Probablemente uno de los pocos pianistas -si no el único- que podría dar todo un concierto de propinas de diversos autores es Sokolov. Porque, en este concierto que nos ocupa, y haciendo gala de su, ya proverbial generosidad, pasó por Schubert, Rameau, Griboedov y Debussy, con una asimilación magistral de sus mundos musicales tan distintos. Ciertamente, la vuelta de Sokolov a Pamplona -( tercera vez, antes, en 1997 con Bach, y en 2006 con Beethoven y Schumann)- ha vuelto a ser un acontecimiento pianístico de primer orden. Sin duda lo que más se admira del taciturno e imperturbable pianista ruso es su pulsación en el matiz piano, también en la media voz; pero, sobre todo, en el adelgazamiento del sonido hasta extremos inexplicables. No es fácil entender el control de la pulsación que tiene este pianista, ya que, continuamente, va una sonoridad, en la que un grado minúsculo de presión menos, ya le dejaría sin sonido. Y no es algo que le salga esporádicamente, es que se recrea en ello; y es capaz de frasear en ese borde tan extremo del silencio, con una homogeneidad de sonido, que mantiene al auditorio en vilo. Como dice el pianista, a modo de declaración de intenciones: “Toco lo que quiero tocar”. Por eso sus versiones resisten mal las comparaciones con otros grandes. El Schubert, por ejemplo, no es ni mejor ni peor que el referencial de Brendel; es igual de magistral.

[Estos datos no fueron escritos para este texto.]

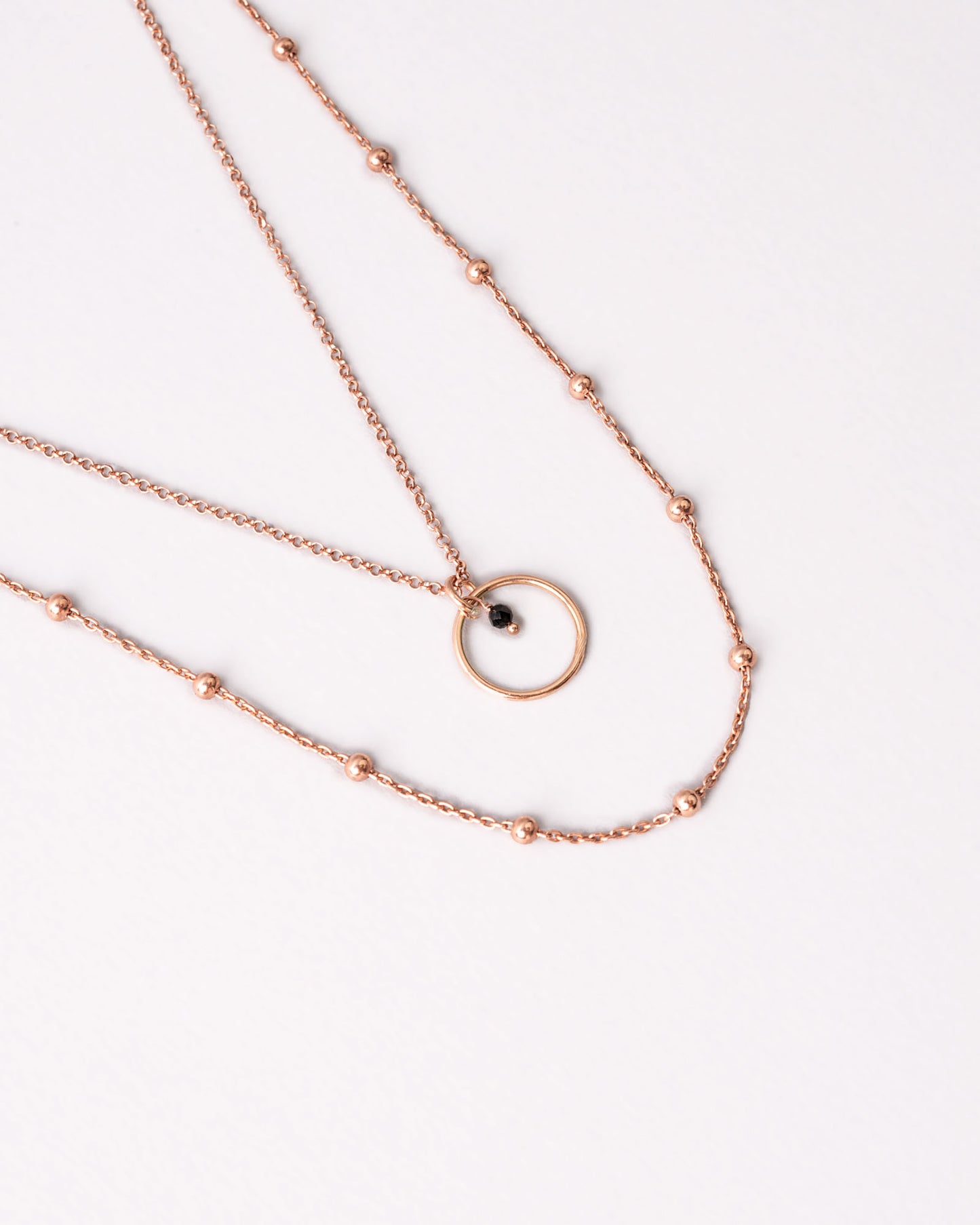 Collana Saturno Argento placcato oro rosa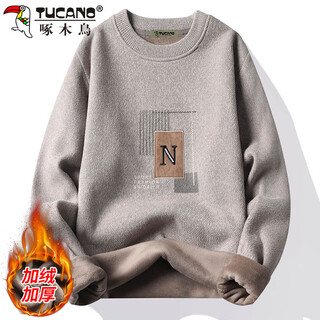 Woodpecker (tucano) sweater men's winter round neck plus velvet thickened sweater loose warm inner layering shirt men's beige xl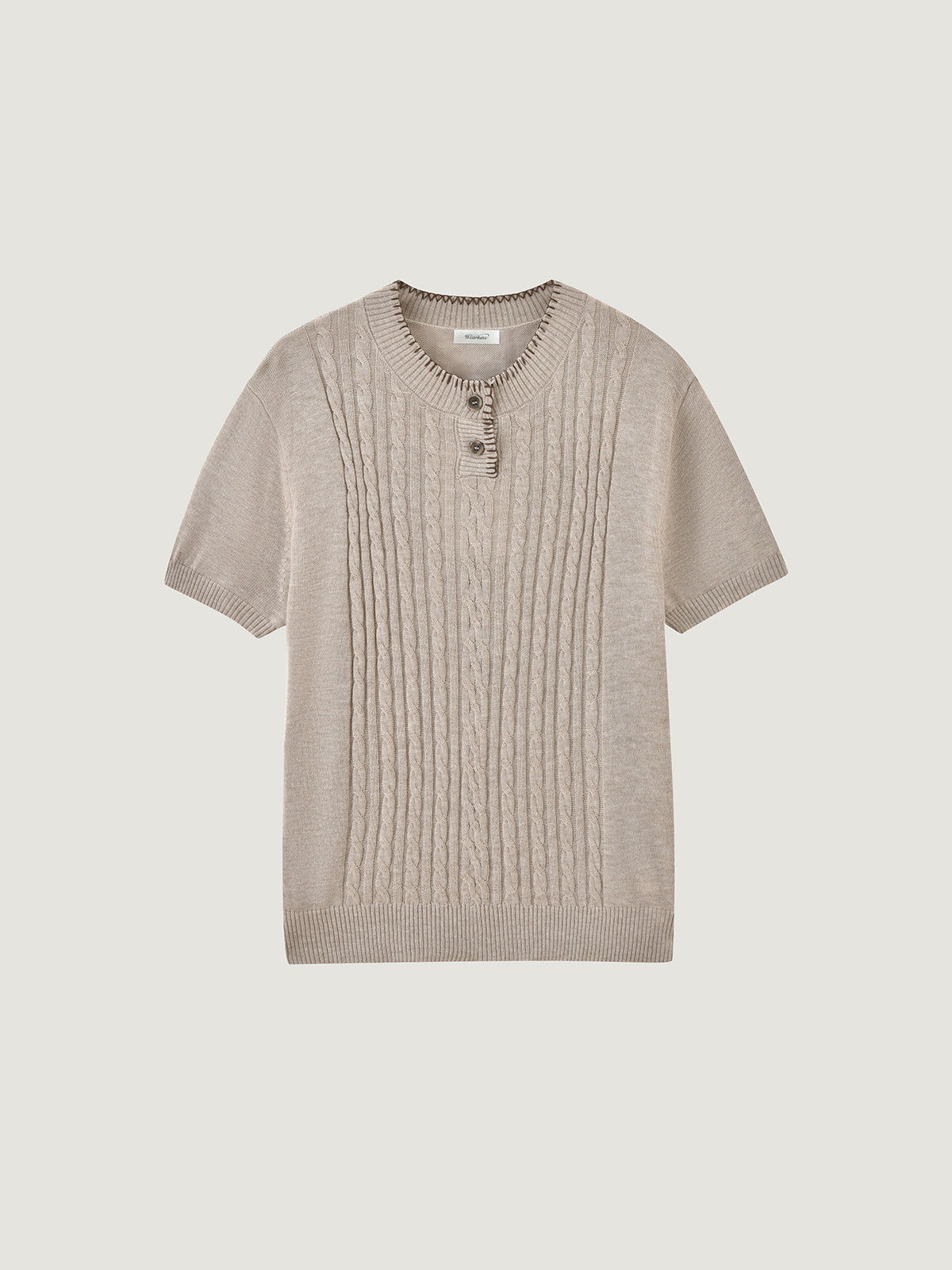 Cable Knit Short Sleeve Henley T-Shirt For Adults | KINS CLASS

No fue especialmente espectacular el programa presentado -hubo muchos a los que lo que más les gustó fueron las propinas-; pero, claro, todo lo que toca Sokolov adquiere otra dimensión. Beethoven ocupó la primera parte. En la sonata número tres en Do mayor, Sokolov estuvo comedido, aunque sin renunciar a esos fuertes súbitos que siguen a las delicadísimas notas dejadas al aire; notas, en matiz piano, o a media voz que siguen sonando puras, sobre la resonancia del pedal anterior. El uso del pedal, otra perfección del pianista. En este sentido -y esto va a ocurrir toda la velada- los movimientos lentos adquieren una profundidad y plenitud esenciales. De esta sonata, el adagio, por ejemplo. Pero luego, vinieron las Once Nuevas Bagatelas Op. 119; y aquí sí que empezamos a escuchar cosas excepcionales; más excepcionales si cabe, al tratarse, precisamente, de una obra que en otros autores suele pasar más desapercibida. La Bagatela, deja de ser bagatela, y cobra otra entidad. El timbre a campanillas que saca al teclado agudo, cuando quiere; o la atmósfera un tanto contemporánea, o por lo menos atemporal, que consigue en algunos andantes, yo no lo había escuchado antes. El Brahms de la segunda parte (Klavierstücke 118 y 119), adquirió una grandeza sonora arrolladora en algunos momentos; casi se aproximaba a Litz, para entendernos; pero enseguida se replegaba a las profundidades de una intimidad densa en los tramos más lentos. Y en las propinas: un delicioso Schubert (Impromptu de la Op. 90, y Melodía Húngara), con una inmaculada cascada descendente; un virtuosístico e impecable Rameau (Les Sauvages y La Llamada de los pájaros); un romántico y desconocido para nosotros A. Griboedov (Moscú 1795- Teherán 1829) (Vals en mi menor); y un modernísimo Debussy (Pasos en la nieve), con el que logró una tensión y misterio a la altura del aura de creativa penumbra en la que se instala este extraordinario pianista. Aplausos cerrados y tozudos, con bravos, en el público. Para relajarse, Sokolov, al terminar el concierto, fue a probar el piano del Baluarte, y dar cuenta de su sonoridad y matrícula -(él viaja con dos pianos propios)-. Lo de Sokolov y el piano, francamente, adquiere dimensiones Tomistas.